=== Begin Enclosure ===

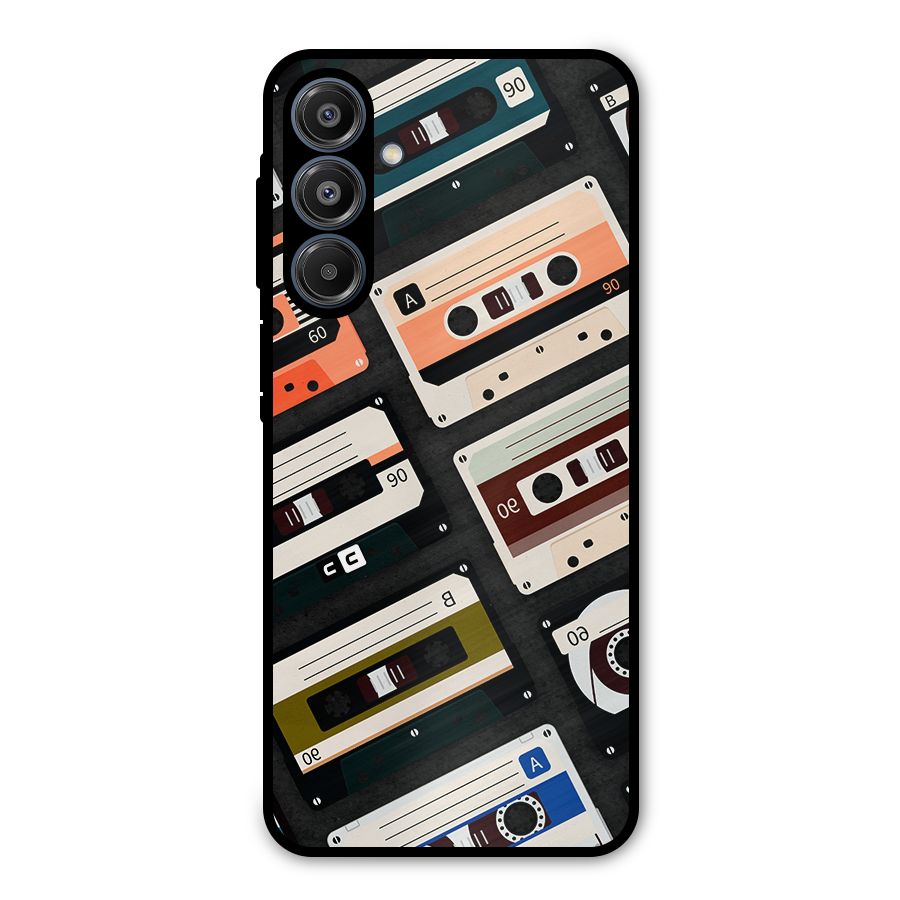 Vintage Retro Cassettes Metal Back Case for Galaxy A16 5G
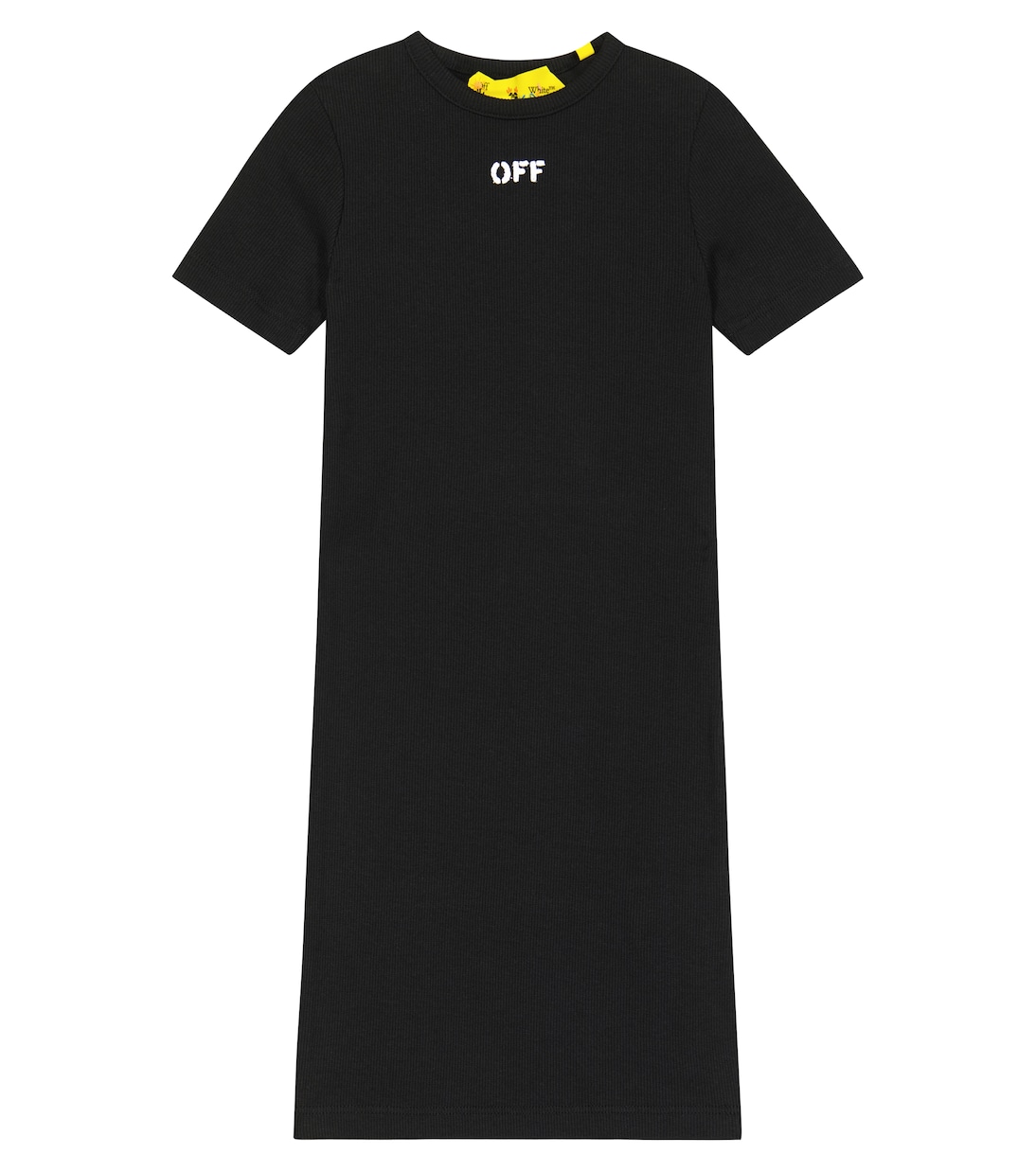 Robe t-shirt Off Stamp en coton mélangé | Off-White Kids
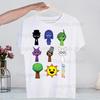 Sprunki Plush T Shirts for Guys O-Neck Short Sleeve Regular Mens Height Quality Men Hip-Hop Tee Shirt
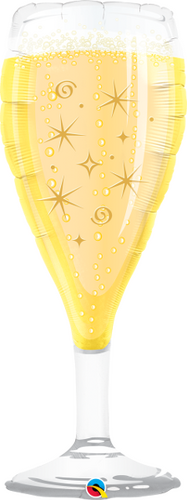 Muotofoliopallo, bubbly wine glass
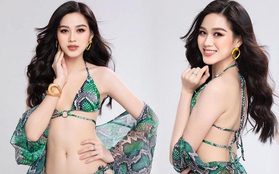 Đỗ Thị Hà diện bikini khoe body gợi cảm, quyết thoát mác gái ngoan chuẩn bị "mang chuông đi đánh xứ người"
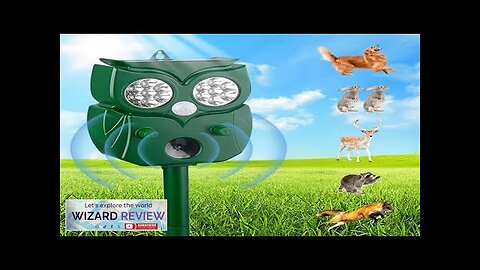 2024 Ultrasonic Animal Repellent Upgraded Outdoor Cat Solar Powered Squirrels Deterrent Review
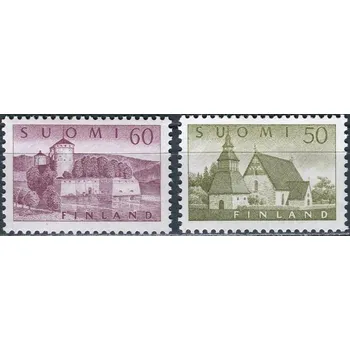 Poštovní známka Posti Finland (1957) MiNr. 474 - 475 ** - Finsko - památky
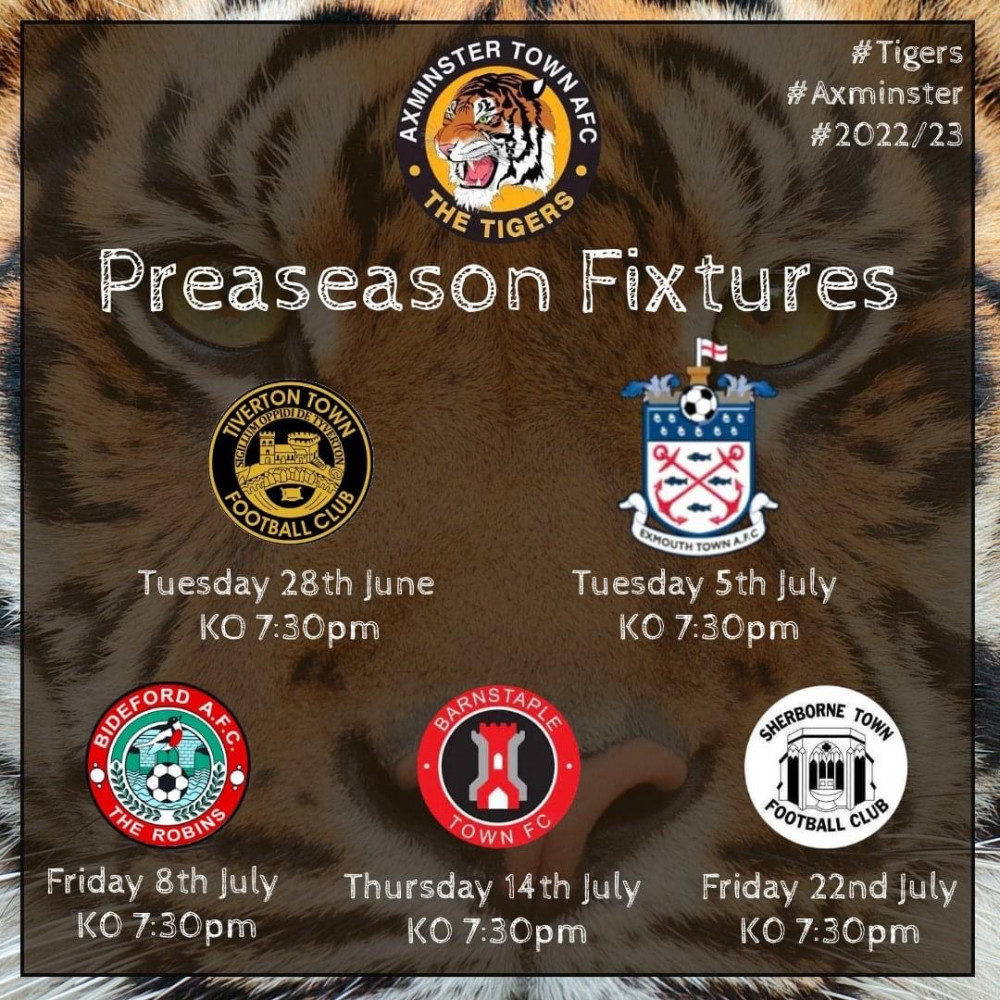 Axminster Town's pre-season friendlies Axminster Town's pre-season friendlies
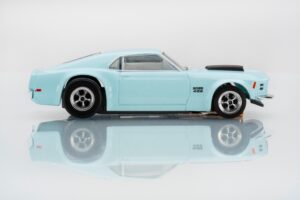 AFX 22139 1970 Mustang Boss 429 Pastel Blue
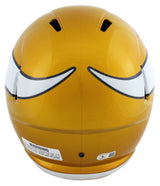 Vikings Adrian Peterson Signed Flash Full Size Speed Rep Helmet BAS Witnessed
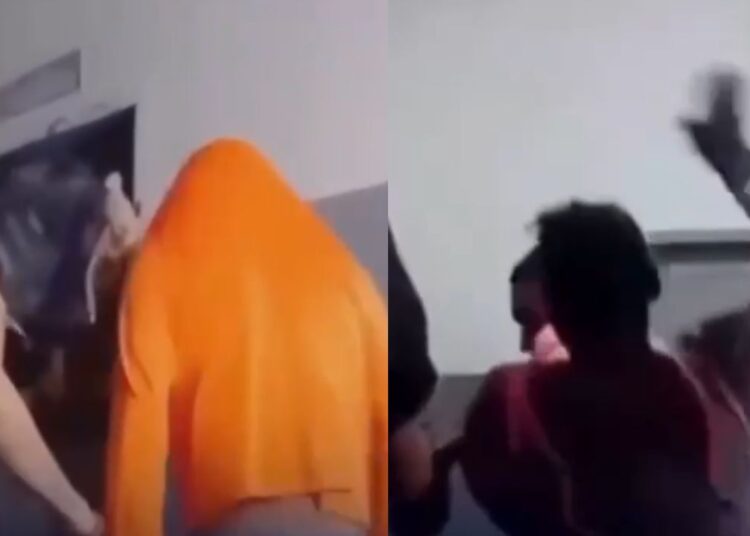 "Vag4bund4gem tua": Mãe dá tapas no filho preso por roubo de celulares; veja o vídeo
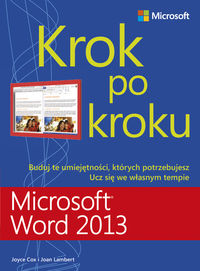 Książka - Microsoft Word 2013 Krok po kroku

=== End Enclosure ===

**DIRECTIONS FOR THIS TASK:** Could you write out verbatim only those lines that run from the line containing "Axminster Town's pre-season friendlies Axminster" through the end of the listing above, both included, without the pictures?

**SOLUTION TO THIS TASK:**
 Axminster Town's pre-season friendlies Axminster Town's pre-season friendlies
 AFX 22139 1970 Mustang Boss 429 Pastel Blue
 Vikings Adrian Peterson Signed Flash Full Size Speed Rep Helmet BAS Witnessed
 "Vag4bund4gem tua": Mãe dá tapas no filho preso por roubo de celulares; veja o vídeo
 Książka - Microsoft Word 2013 Krok po kroku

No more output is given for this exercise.